Peneliti hadis modern, Syuaib al-Arnaout, dalam catatan kakinya menyebut hadis ini berstatus lemah (dhaif).

Alasannya, karena dalam rantai periwayatan terdapat nama-nama yang diragukan kredibilitasnya. Beberapa perawi seperti Ibn Zughb al-Iyadi dianggap tidak dikenal luas oleh para ahli hadis, sehingga riwayatnya tidak cukup kuat.

Selain itu, isi hadis ini dianggap tidak sejalan dengan kaidah umum dalam ajaran Islam, yakni bahwa waktu Kiamat adalah rahasia Allah SWT semata. Maka, hadis tersebut tidak bisa dijadikan dalil atau hujjah dalam urusan akidah.

Dalam Himpunan Putusan Tarjih Muhammadiyah (HPT) Jilid 1, dijelaskan bahwa persoalan akidah hanya dapat ditegakkan dengan dalil yang tegas dari Al-Qur’an atau hadis mutawatir (yang diriwayatkan oleh banyak orang dan tidak diragukan). Karena hadis tentang Baitul Maqdis ini lemah, maka tidak dapat dijadikan landasan keyakinan.

Majalah Suara Muhammadiyah edisi No. 7 Tahun 2009 juga menegaskan bahwa dalam hal keimanan kepada tanda-tanda Kiamat, Muhammadiyah hanya mengakui yang bersumber dari dalil-dalil sahih dan mutawatir.

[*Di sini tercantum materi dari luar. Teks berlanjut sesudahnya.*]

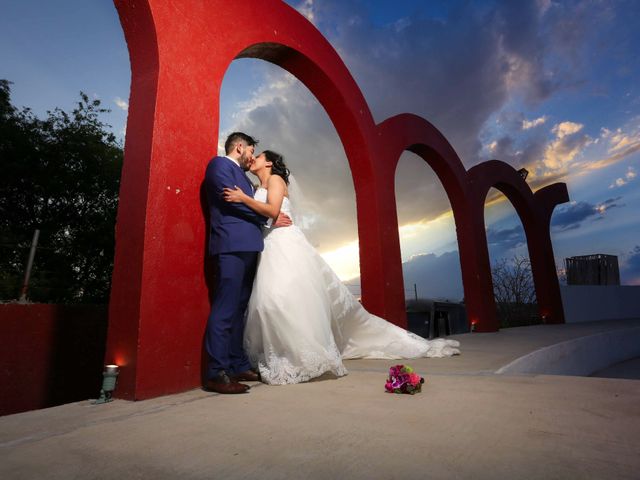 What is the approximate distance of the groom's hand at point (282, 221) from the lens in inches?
108

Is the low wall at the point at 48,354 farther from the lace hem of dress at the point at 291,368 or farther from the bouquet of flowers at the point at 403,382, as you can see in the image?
the bouquet of flowers at the point at 403,382

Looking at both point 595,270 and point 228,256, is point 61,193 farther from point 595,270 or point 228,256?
point 595,270

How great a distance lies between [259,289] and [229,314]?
1.00 ft

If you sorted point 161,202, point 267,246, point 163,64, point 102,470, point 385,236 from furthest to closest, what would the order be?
point 385,236 → point 267,246 → point 163,64 → point 161,202 → point 102,470

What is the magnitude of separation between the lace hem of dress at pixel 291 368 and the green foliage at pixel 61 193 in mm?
8525

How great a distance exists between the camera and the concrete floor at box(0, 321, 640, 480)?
3.34 ft

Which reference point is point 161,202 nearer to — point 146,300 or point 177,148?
point 177,148

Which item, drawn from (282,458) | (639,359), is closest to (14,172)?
(282,458)

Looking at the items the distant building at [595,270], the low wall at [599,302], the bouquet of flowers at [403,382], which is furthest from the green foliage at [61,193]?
the distant building at [595,270]

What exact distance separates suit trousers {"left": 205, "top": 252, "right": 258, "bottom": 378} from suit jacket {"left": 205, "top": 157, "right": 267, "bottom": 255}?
0.23 feet

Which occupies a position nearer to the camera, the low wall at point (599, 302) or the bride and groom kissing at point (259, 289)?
the bride and groom kissing at point (259, 289)

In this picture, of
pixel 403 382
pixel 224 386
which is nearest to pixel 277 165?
pixel 224 386

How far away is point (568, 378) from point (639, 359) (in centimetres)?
801

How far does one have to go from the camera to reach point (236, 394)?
2.04 meters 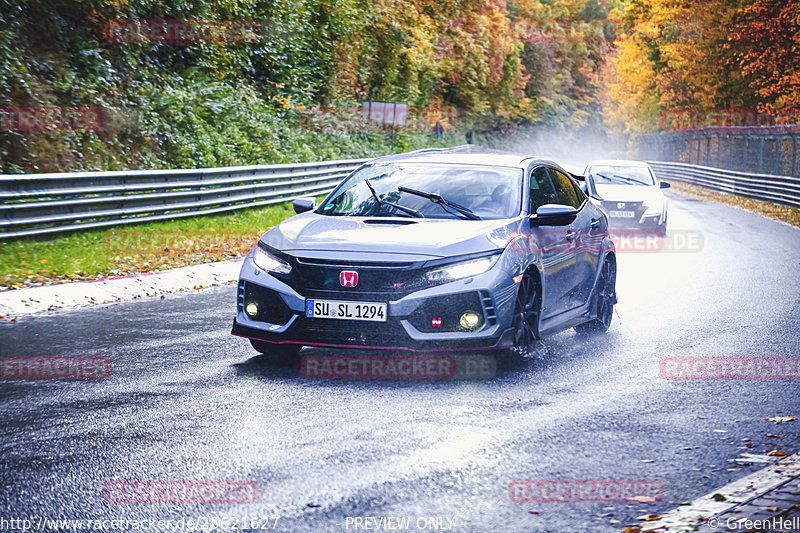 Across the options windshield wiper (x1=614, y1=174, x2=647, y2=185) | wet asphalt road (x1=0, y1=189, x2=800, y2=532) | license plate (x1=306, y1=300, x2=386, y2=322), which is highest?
windshield wiper (x1=614, y1=174, x2=647, y2=185)

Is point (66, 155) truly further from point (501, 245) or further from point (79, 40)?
point (501, 245)

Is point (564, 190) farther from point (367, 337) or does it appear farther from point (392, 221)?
point (367, 337)

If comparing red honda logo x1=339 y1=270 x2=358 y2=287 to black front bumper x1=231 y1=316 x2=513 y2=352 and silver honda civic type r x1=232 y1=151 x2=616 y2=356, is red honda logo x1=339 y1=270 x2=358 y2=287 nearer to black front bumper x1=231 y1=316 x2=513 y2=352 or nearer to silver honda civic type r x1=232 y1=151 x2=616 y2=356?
silver honda civic type r x1=232 y1=151 x2=616 y2=356

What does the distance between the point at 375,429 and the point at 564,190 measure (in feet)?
15.0

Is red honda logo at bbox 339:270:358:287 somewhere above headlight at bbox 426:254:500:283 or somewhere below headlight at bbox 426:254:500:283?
below

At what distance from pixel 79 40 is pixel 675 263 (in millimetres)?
13776

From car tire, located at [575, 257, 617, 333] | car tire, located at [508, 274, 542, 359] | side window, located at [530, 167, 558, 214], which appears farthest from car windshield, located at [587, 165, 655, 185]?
car tire, located at [508, 274, 542, 359]

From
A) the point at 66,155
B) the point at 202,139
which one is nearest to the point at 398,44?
the point at 202,139

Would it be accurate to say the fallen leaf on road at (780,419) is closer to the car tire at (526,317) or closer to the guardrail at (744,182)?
the car tire at (526,317)

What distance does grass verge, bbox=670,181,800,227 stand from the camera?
29.1 metres

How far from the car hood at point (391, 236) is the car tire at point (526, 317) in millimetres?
436

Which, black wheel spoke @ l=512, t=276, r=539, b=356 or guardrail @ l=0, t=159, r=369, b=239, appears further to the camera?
guardrail @ l=0, t=159, r=369, b=239

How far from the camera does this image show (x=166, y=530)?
4.36 meters

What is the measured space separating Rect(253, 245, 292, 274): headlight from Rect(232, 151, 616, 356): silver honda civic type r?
1 centimetres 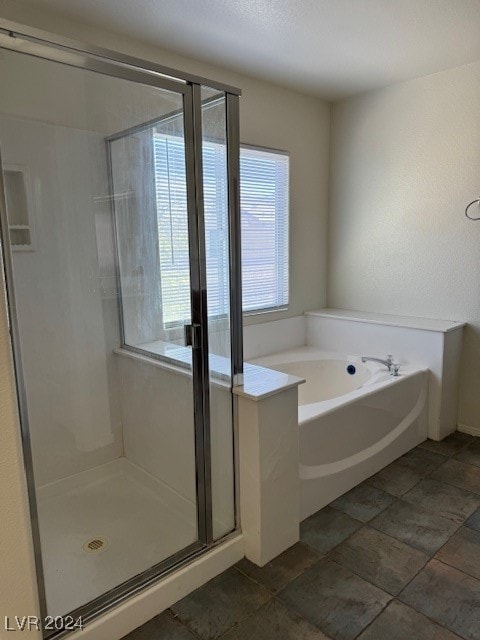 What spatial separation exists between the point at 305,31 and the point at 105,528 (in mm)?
2799

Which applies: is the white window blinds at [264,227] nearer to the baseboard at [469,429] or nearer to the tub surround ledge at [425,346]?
the tub surround ledge at [425,346]

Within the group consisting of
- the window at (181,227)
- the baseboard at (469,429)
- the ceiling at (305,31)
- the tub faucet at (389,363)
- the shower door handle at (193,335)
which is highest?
the ceiling at (305,31)

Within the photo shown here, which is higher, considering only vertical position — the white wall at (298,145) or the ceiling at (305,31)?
the ceiling at (305,31)

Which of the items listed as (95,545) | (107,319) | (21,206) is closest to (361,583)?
(95,545)

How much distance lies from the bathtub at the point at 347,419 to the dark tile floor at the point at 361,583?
0.15 meters

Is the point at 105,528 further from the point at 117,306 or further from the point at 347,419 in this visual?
the point at 347,419

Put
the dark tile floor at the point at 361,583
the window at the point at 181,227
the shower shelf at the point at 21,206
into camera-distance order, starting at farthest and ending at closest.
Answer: the shower shelf at the point at 21,206, the window at the point at 181,227, the dark tile floor at the point at 361,583

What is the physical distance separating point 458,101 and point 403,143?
1.42ft

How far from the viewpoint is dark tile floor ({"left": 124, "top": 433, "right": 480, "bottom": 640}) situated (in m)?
1.56

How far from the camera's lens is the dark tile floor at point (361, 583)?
1.56m

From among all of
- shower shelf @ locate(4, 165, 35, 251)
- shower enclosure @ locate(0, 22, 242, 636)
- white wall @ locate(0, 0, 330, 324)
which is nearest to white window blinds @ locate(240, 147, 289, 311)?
white wall @ locate(0, 0, 330, 324)

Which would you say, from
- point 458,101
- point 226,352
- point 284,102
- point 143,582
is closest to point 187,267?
point 226,352

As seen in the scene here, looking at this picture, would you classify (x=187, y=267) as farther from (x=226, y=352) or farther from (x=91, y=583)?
(x=91, y=583)

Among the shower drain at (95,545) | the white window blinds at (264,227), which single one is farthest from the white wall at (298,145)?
the shower drain at (95,545) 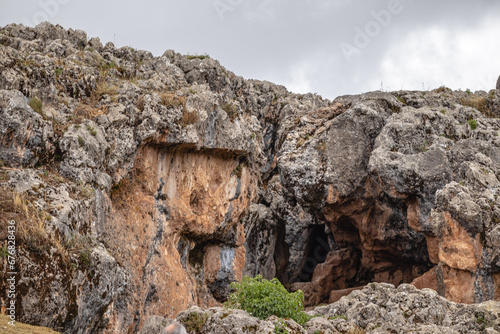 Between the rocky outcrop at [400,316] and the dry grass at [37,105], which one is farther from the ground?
the dry grass at [37,105]

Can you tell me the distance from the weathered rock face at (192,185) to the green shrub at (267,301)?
1.24 metres

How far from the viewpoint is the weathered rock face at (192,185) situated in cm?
1124

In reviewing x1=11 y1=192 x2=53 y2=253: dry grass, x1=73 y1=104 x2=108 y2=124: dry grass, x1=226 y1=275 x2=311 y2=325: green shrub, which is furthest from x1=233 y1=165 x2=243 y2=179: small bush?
x1=11 y1=192 x2=53 y2=253: dry grass

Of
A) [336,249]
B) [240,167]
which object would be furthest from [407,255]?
[240,167]

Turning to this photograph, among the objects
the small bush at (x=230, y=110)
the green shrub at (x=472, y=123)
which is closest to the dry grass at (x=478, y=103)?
the green shrub at (x=472, y=123)

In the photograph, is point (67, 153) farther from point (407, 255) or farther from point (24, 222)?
point (407, 255)

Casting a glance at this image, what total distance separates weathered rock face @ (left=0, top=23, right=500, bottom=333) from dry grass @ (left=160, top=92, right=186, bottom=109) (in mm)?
68

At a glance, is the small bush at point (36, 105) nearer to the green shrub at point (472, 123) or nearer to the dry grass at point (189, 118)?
the dry grass at point (189, 118)

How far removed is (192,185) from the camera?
20578 millimetres

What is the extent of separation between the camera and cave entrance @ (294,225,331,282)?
33.6 m

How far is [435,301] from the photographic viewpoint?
11695 mm

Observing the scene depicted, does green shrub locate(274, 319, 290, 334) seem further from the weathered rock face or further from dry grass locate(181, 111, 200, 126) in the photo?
dry grass locate(181, 111, 200, 126)

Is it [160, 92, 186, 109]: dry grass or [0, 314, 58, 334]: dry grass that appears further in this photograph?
[160, 92, 186, 109]: dry grass

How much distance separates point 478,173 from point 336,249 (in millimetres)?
16438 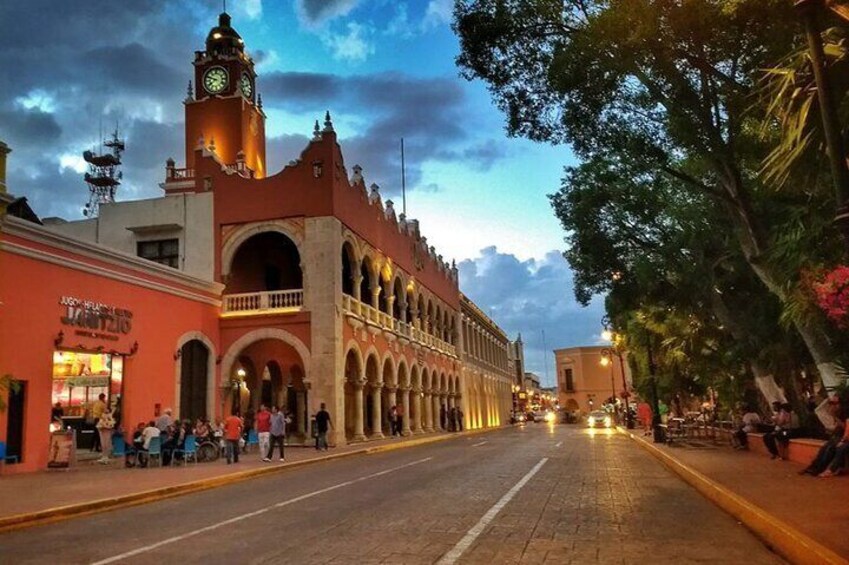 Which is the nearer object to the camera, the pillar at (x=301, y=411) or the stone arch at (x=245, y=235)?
the stone arch at (x=245, y=235)

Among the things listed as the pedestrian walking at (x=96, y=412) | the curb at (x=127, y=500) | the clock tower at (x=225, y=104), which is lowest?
the curb at (x=127, y=500)

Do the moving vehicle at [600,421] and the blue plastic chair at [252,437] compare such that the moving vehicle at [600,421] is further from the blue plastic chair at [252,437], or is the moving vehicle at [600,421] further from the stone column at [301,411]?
the blue plastic chair at [252,437]

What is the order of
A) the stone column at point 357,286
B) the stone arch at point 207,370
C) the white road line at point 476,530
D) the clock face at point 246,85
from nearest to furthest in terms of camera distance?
1. the white road line at point 476,530
2. the stone arch at point 207,370
3. the stone column at point 357,286
4. the clock face at point 246,85

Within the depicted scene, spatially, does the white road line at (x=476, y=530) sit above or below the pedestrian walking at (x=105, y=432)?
below

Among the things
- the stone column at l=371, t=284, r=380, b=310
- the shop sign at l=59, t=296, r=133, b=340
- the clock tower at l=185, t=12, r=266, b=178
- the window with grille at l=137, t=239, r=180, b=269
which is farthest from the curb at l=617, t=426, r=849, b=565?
the clock tower at l=185, t=12, r=266, b=178

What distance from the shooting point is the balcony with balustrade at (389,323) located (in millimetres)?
30656

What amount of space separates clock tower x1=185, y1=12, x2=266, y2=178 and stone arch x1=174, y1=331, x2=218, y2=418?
11010 mm

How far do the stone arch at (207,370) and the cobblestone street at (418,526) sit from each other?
439 inches

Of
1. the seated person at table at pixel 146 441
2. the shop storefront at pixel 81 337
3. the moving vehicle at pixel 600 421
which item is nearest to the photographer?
the shop storefront at pixel 81 337

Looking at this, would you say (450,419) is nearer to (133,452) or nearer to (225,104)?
(225,104)

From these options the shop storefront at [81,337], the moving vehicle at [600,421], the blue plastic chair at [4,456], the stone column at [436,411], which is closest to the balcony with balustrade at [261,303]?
the shop storefront at [81,337]

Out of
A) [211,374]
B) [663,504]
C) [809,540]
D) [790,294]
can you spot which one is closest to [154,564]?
[809,540]

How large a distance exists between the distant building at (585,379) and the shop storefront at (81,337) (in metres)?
83.1

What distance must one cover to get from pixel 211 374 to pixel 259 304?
347 cm
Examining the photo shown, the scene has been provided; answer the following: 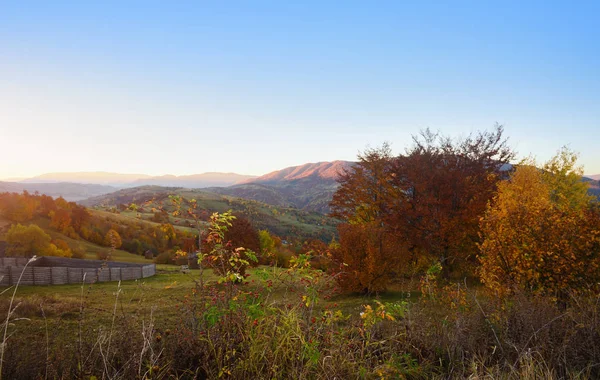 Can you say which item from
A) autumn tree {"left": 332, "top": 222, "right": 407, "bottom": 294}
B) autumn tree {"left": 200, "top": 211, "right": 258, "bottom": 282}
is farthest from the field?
autumn tree {"left": 332, "top": 222, "right": 407, "bottom": 294}

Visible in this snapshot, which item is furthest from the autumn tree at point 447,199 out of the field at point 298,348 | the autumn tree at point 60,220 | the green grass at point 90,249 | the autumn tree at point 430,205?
the autumn tree at point 60,220

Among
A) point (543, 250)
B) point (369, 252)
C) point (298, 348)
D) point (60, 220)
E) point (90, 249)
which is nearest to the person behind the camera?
point (298, 348)

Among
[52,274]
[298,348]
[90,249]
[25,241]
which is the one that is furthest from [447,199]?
[90,249]

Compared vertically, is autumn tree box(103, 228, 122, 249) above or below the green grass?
above

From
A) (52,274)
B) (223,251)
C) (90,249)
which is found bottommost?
(90,249)

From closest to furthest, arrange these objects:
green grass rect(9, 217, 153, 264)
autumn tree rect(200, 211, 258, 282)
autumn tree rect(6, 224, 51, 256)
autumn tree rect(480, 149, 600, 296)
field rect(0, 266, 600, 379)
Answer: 1. field rect(0, 266, 600, 379)
2. autumn tree rect(200, 211, 258, 282)
3. autumn tree rect(480, 149, 600, 296)
4. autumn tree rect(6, 224, 51, 256)
5. green grass rect(9, 217, 153, 264)

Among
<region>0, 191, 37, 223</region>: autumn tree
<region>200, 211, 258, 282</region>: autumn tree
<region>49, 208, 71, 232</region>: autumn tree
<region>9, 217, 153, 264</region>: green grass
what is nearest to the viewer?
<region>200, 211, 258, 282</region>: autumn tree

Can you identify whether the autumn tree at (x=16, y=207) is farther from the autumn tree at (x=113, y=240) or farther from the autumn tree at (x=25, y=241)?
the autumn tree at (x=25, y=241)

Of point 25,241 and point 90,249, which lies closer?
point 25,241

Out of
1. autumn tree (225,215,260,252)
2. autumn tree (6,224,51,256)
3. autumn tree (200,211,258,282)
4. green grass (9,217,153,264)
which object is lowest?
green grass (9,217,153,264)

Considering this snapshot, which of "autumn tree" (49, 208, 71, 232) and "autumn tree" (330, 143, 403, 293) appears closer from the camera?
"autumn tree" (330, 143, 403, 293)

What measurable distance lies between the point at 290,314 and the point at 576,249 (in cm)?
929

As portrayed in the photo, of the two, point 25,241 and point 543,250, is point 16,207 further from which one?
point 543,250

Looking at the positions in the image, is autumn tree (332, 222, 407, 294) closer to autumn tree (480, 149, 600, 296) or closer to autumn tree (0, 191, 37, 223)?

Allah dengan tegas menjelaskan dalam Al-Qur’an, Surah Al-A’raf ayat 187:

"Mereka menanyakan kepadamu (Muhammad) tentang Kiamat, 'Kapan terjadi?' Katakanlah, 'Sesungguhnya pengetahuan tentang Kiamat itu ada pada Tuhanku; tidak ada (seorang pun) yang dapat menjelaskan waktu terjadinya selain Dia'."

Ayat ini menegaskan bahwa tidak ada seorang pun, termasuk Nabi, yang mengetahui kapan Kiamat akan datang.

Semua makhluk hanya diperintahkan untuk beriman, beramal saleh, dan mempersiapkan diri, bukan menebak-nebak waktunya.

Oleh karena itu, mengaitkan kemerdekaan Palestina dengan tanda-tanda Kiamat bukanlah pemahaman yang tepat. Kemenangan rakyat Palestina adalah bagian dari perjuangan kemanusiaan dan keadilan, bukan sinyal akhir zaman.

Demikian itu jawaban atas spekulasi Palestina merdeka sebagai tanda akhir zaman. Kiamat adalah urusan Allah. Ia akan datang sesuai kehendak-Nya, tanpa pertanda politik atau militer apa pun.